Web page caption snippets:
------
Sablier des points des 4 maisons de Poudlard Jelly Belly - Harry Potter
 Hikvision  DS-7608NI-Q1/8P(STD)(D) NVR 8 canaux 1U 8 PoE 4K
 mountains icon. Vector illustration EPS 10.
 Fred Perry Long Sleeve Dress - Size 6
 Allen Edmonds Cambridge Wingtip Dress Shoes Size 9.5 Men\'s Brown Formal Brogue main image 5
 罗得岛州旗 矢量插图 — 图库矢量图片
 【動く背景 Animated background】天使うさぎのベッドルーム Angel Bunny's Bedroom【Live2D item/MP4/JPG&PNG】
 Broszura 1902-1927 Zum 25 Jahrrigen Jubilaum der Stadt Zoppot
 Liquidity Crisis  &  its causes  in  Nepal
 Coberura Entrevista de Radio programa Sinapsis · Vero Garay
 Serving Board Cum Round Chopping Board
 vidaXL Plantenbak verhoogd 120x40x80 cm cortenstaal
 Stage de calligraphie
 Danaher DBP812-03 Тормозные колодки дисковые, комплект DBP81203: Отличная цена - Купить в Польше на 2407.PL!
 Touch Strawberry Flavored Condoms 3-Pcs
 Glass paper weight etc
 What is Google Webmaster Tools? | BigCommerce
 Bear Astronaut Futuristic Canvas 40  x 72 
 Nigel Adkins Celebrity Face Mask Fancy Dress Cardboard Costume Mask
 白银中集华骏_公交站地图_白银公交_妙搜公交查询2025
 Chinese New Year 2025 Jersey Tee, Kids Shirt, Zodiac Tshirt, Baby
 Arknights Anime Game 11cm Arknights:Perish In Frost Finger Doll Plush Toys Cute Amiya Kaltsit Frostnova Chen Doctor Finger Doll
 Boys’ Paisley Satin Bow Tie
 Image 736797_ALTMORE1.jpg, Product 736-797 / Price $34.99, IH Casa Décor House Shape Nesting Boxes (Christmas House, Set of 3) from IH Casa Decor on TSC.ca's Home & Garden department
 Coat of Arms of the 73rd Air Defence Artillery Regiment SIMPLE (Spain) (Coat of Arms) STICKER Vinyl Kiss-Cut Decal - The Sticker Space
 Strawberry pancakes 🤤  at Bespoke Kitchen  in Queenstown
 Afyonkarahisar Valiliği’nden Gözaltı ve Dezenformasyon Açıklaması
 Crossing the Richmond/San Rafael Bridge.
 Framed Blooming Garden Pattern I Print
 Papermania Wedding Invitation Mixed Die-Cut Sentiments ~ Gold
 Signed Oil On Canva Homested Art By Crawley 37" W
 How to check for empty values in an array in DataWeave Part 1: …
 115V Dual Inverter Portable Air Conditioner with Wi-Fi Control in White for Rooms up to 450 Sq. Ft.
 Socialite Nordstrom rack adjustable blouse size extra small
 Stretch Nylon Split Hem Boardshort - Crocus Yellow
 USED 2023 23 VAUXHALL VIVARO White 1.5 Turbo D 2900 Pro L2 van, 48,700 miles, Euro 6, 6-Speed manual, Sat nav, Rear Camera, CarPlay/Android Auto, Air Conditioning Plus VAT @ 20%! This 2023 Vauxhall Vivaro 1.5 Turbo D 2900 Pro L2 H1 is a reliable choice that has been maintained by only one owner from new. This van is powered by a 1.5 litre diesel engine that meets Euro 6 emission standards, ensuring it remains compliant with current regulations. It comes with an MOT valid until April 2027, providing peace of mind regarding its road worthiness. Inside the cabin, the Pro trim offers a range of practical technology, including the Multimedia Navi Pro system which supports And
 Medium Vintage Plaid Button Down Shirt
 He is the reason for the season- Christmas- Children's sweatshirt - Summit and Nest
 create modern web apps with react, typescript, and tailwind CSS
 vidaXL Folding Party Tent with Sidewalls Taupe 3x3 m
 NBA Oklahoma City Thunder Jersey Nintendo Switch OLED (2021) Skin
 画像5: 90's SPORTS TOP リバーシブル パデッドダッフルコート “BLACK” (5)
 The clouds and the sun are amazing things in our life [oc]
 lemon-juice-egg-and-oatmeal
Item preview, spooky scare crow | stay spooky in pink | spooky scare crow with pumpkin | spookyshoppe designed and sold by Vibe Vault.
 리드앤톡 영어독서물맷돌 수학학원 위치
------
**PROBLEM STATEMENT:** Transcribe the lines above between the line holding "白银中集华骏_公交站地图_白银公交_妙搜公交查询2025" and the line holding "Boys’ Paisley Satin Bow Tie", inclusive, exactly as they stand and with nothing added.

**TASK OUTPUT:**
 白银中集华骏_公交站地图_白银公交_妙搜公交查询2025
 Chinese New Year 2025 Jersey Tee, Kids Shirt, Zodiac Tshirt, Baby
 Arknights Anime Game 11cm Arknights:Perish In Frost Finger Doll Plush Toys Cute Amiya Kaltsit Frostnova Chen Doctor Finger Doll
 Boys’ Paisley Satin Bow Tie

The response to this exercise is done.